== Records for this exercise ==
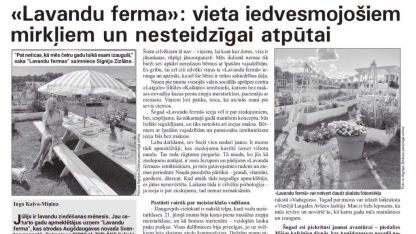 Attēls rakstam: Vietējā Latgales Avīze: "Lavandu ferma" - vieta iedvesmojošiem mirkļiem un nesteidzīgai atpūtai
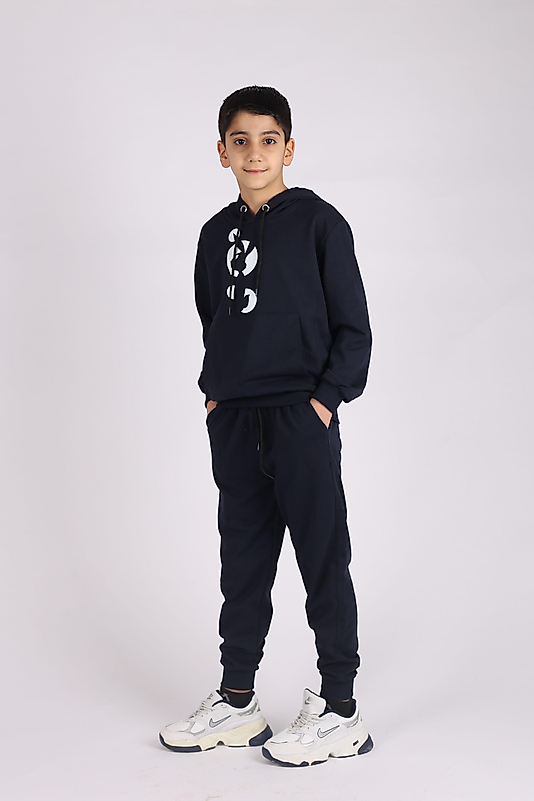 Kapüşonlu Kanguru Cepli Tavşan Baskılı Eşofman Takımı/Lacivert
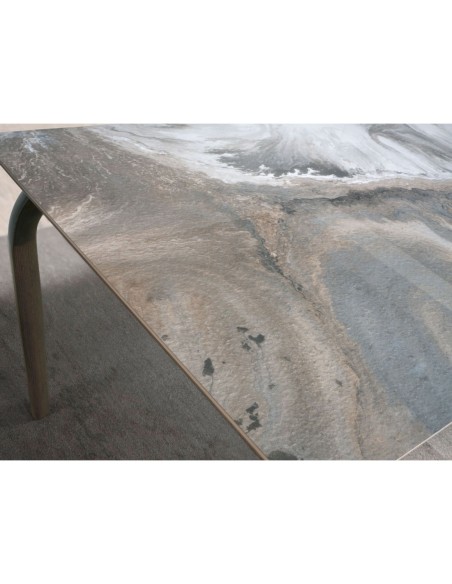 Mesa comedor rectangular mármol porcelánico y roble ceniza
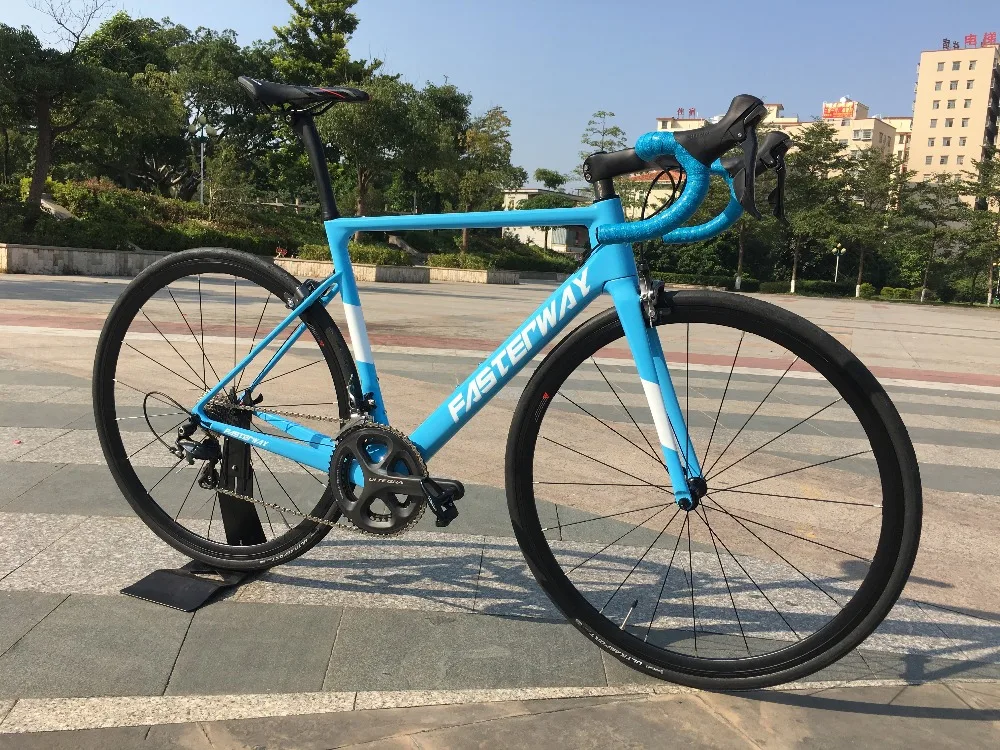 Clearance 700C carbon Road Complete Bike 22 Speed 105 5800 Groupset TAIWAN brand light blue sky FASTERWAY CLASSIC D brake 49/52/54/56/58 8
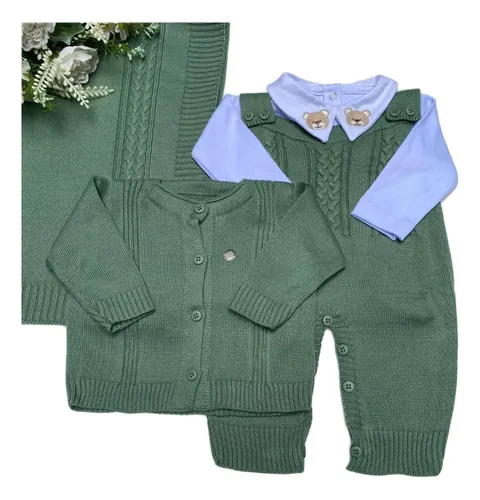 Kit Saída De Maternidade Tricô Menino Verde Pistache Bebê Verde P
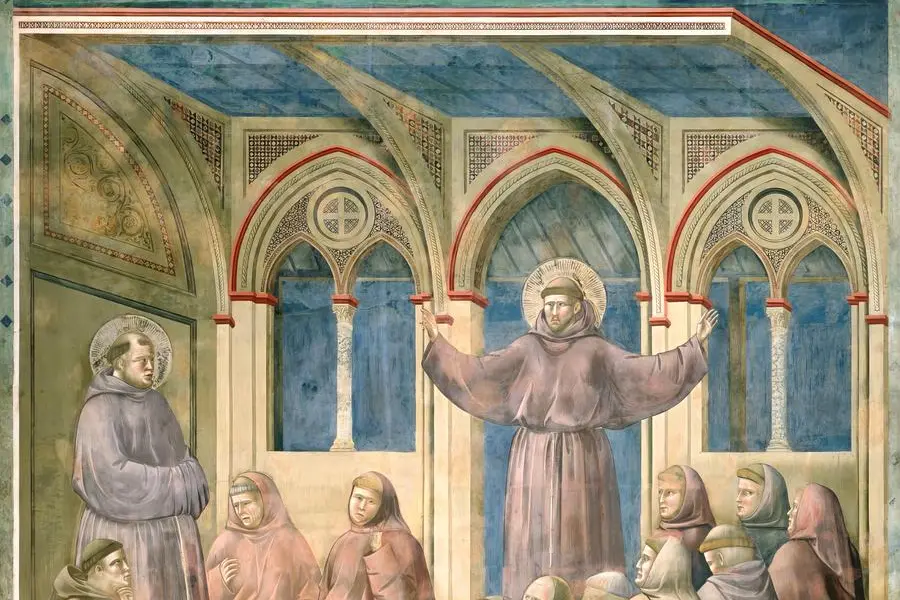 Giotto, L\\u2019apparizione al Capitolo di Arles, 1297-1299 circa. Affresco nella Basilica Superiore di San Francesco, Assisi , ipa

== Exercise objective ==
Before answering, find the line with "Clearance 700C carbon" in the records above; then reproduce exactly each line from the first through that line, leaving out pictures.

== Written answer ==
 Attēls rakstam: Vietējā Latgales Avīze: "Lavandu ferma" - vieta iedvesmojošiem mirkļiem un nesteidzīgai atpūtai
 Kapüşonlu Kanguru Cepli Tavşan Baskılı Eşofman Takımı/Lacivert
 Mesa comedor rectangular mármol porcelánico y roble ceniza
 Clearance 700C carbon Road Complete Bike 22 Speed 105 5800 Groupset TAIWAN brand light blue sky FASTERWAY CLASSIC D brake 49/52/54/56/58 8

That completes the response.